In article . com,
Martin Brown wrote:
In positional terms, I trust my own judgement more than Fritz,
so I'm really using the computer only for blunder-checking. If
In that case it is certainly worth downloading and running something
like Fruit2.2.1 (evaluation free for 14days) as a kibitzer to see the
sort of things that you are missing. [...]
What sorts of things do you think I am missing that Fruit
[or any other strong engine] might show me? We are perhaps somewhat
at cross-purposes, in that I'm primarily interested [when entering
my own games] *only* in the stupid tactical things I've missed. If
Fritz doesn't show it in 10 seconds, then it wasn't that stupid after
all.
[...] Roughly Crafty19.19 takes 1-3mins to reach
12ply in this mode but in 60s Shredder10 typically reaches 15-16ply in
all but the most complex positions.
OK, but different engines mean different things by "12 ply".

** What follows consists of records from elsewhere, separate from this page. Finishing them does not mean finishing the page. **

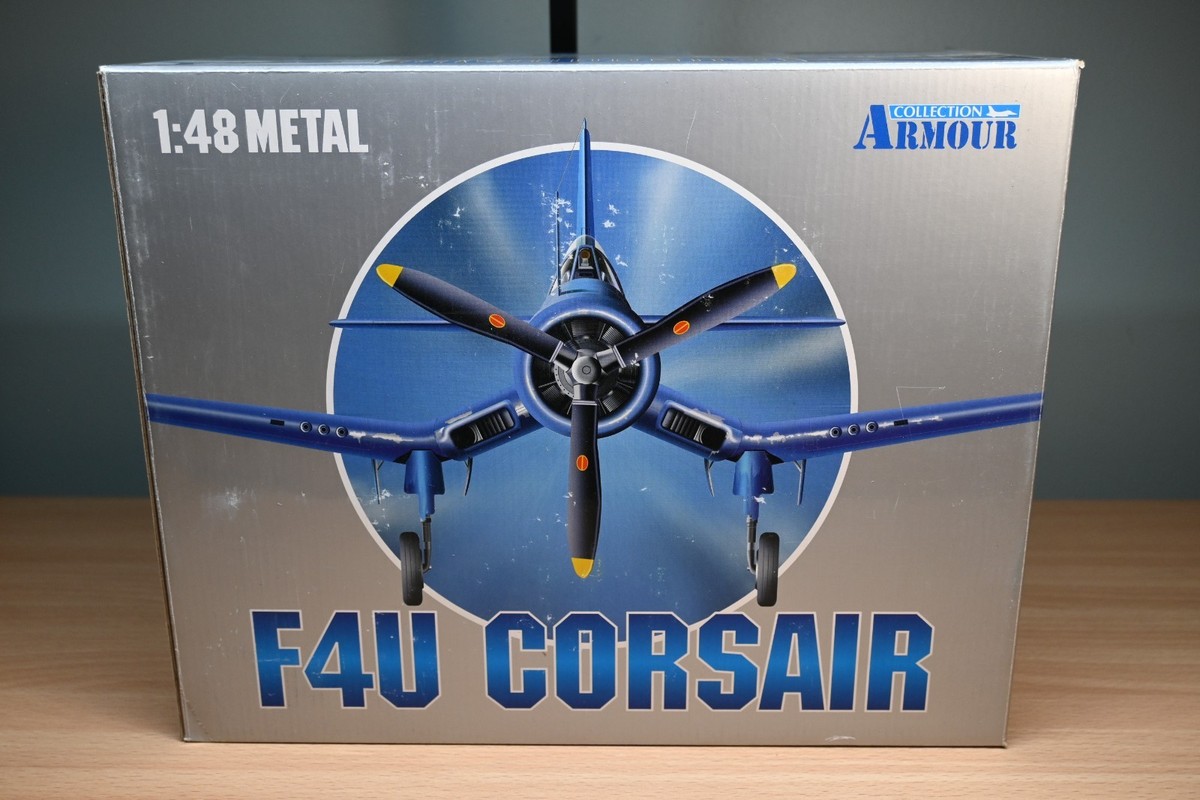 Franklin Mint Armour Collection 1/48 Scale F4U Corsair US Navy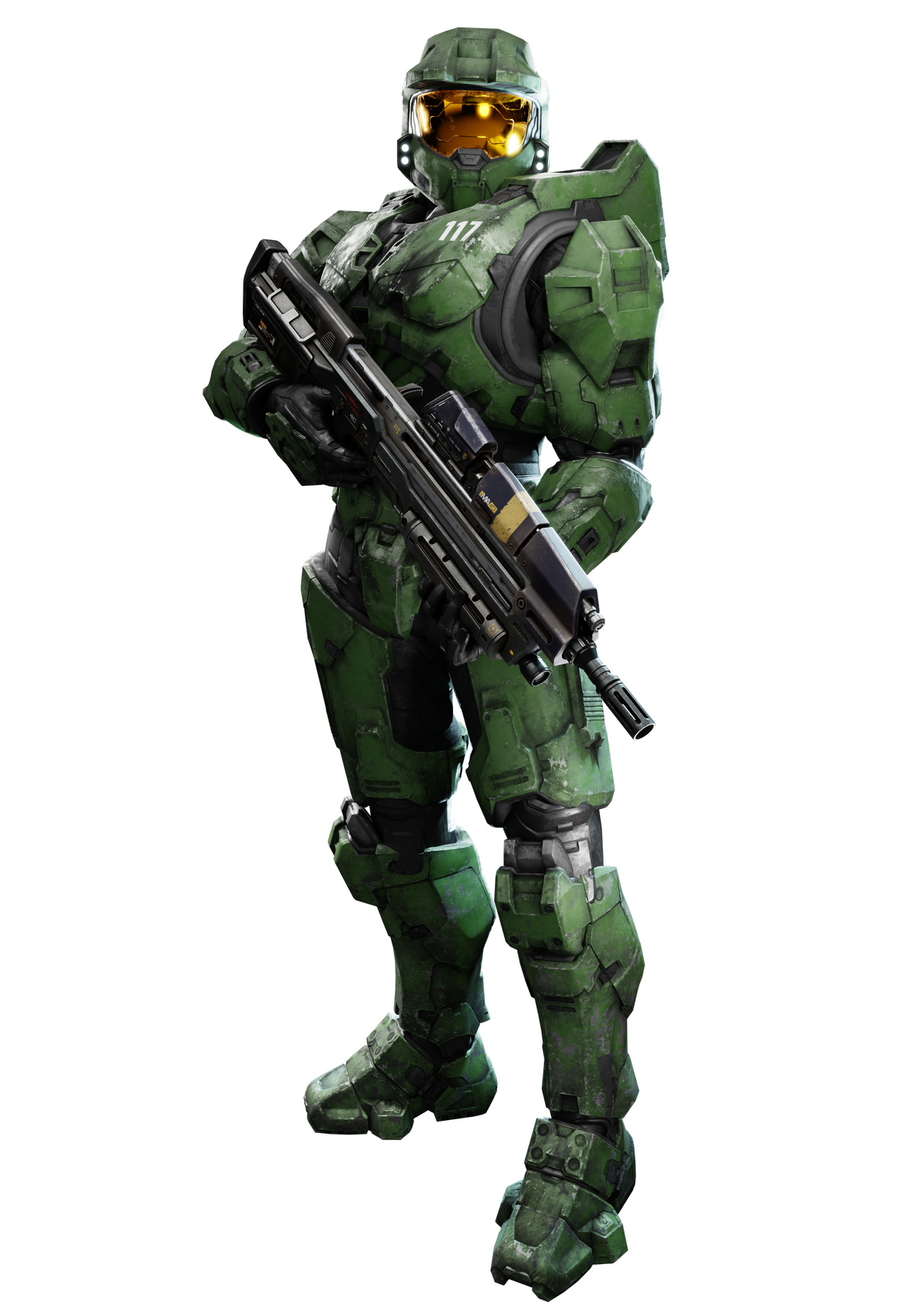 Master Chief Halo Infinite with Halo 4 render pose by RuVKun on DeviantArt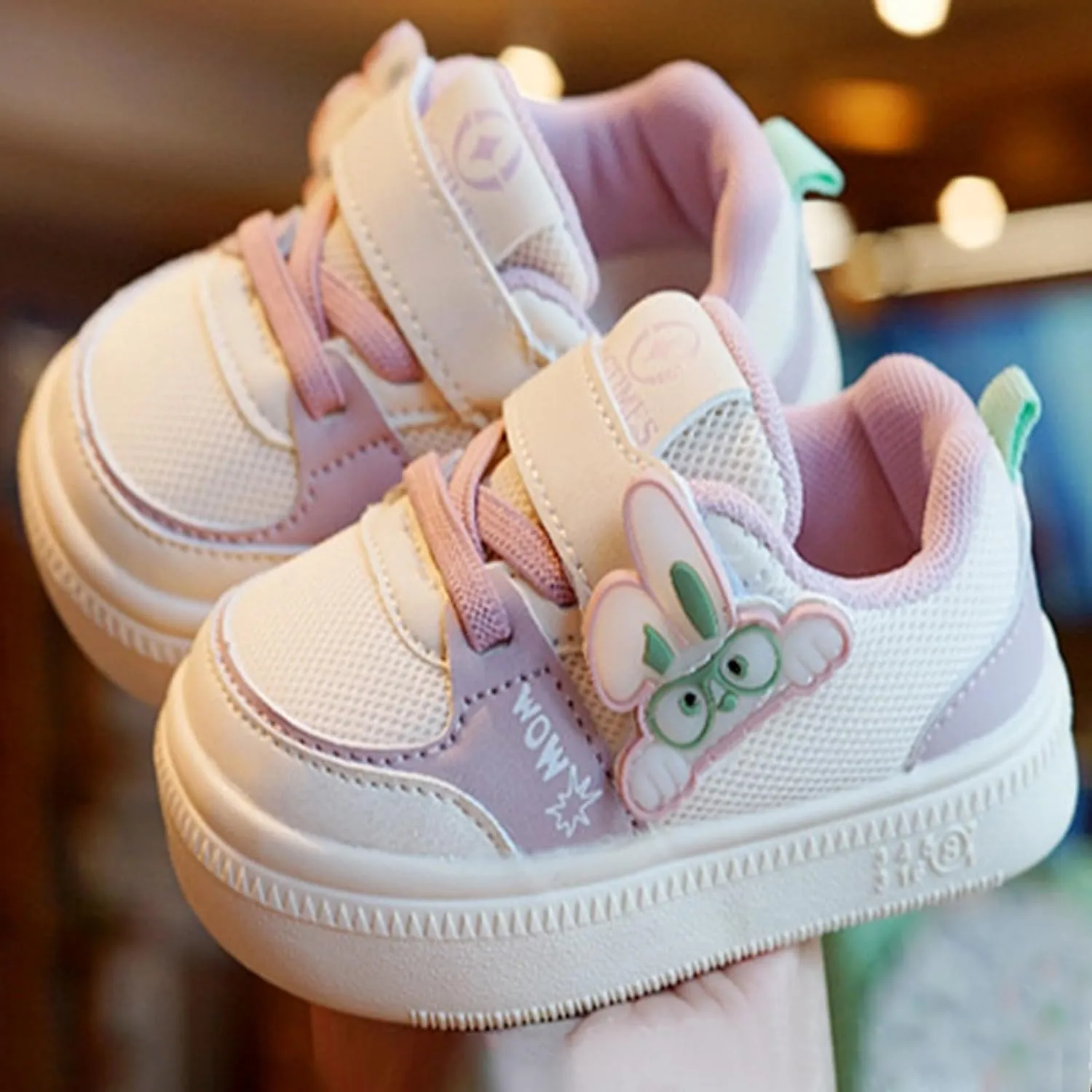 Mesh Breathable Sneaker for Baby Infant Toddler 𝗖artoon Open Toe First Walking Sport Shoes Newborn Outdoor Non Slip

[My own program would mean "anything from 6-ply upwards", as it has
variable depth-reduction, depending how "interesting" a move is, and
particularly boring moves count double; I know this is eccentric.]
[...]
The problem here is that Crafty is frequently out by more than 50cp on
key variations and has been in all the GM games I have fed it so far.
Hang about! The *true* value of any position is "won",
"drawn" or "lost", so "out by 50cp" is meaningless except as an
evaluation against some amorphous scale of "slight advantage",
"definite advantage", "surely a winning advantage" and so on. If
Crafty is getting the *material* wrong, that's probably serious,
but otherwise 50cp simply means that Crafty has a different scale
for positional edges. It's not, of itself, right or wrong *unless*
it causes Crafty to lose a drawn position or lose/draw a won one.
....
Admittedly the first two were engine showpieces but the second pair
were randomly chosen high level games. You can see it happen most
prominently in the longer game where it misses the crucial winning
line and mis scores a host of moves systematically wrong because it
doesn't understand what is going on.
... But does it miss the crucial winning line because it
has *tactical* shortcomings, or because it misunderstands how to
play positionally? "Missing a winning line" sounds more like the
former [or you might have said (eg) "misses the winning plan"].
How are you judging "systematically wrong"? Merely because a
strong engine gives different numbers, or because [eg] Crafty
gives the "wrong" number of centipawns to a positional feature?
There is no objective meaning to be attached to "White is 1.23
centipawns ahead" other than "Rybka/Fruit/Crafty gives this as
its evaluation".
[...] I do think that a fair
proportion of the "errors" that the G&B analysis says the GMs have
made are in reality just the rms error of Crafty's evaluation which is
something like 30cp multiplied by the number of times they do
something that it doesn't expect.
Possibly; and we won't know unless/until someone does the
experiment. But in that case, the actual figures for most WCs of
around 13cp/move, and less for the WCs who most of us would regard
as the most "accurate" in their positional judgement and tactical
awareness, are surprisingly low. Further, it's interesting that
the strongest and best WCs, by reasonably common consent, are
those whose judgement differs least from that of Crafty.
It is time to turn the question around slightly. Can anyone find a GM
level game where Crafty at 12ply avoids missing important winning
lines and obtains reasonable blundercheck agreement to within say 20cp
against any other top rated engine run for 60s/move? So far all the
games I have tested have shown serious discreprancies (50cp).
I don't think this is an interesting question *unless* we can
produce an objective meaning [beyond Crafty/Rybka] of 20cp.
--
Andy Walker, School of MathSci., Univ. of Nott'm, UK.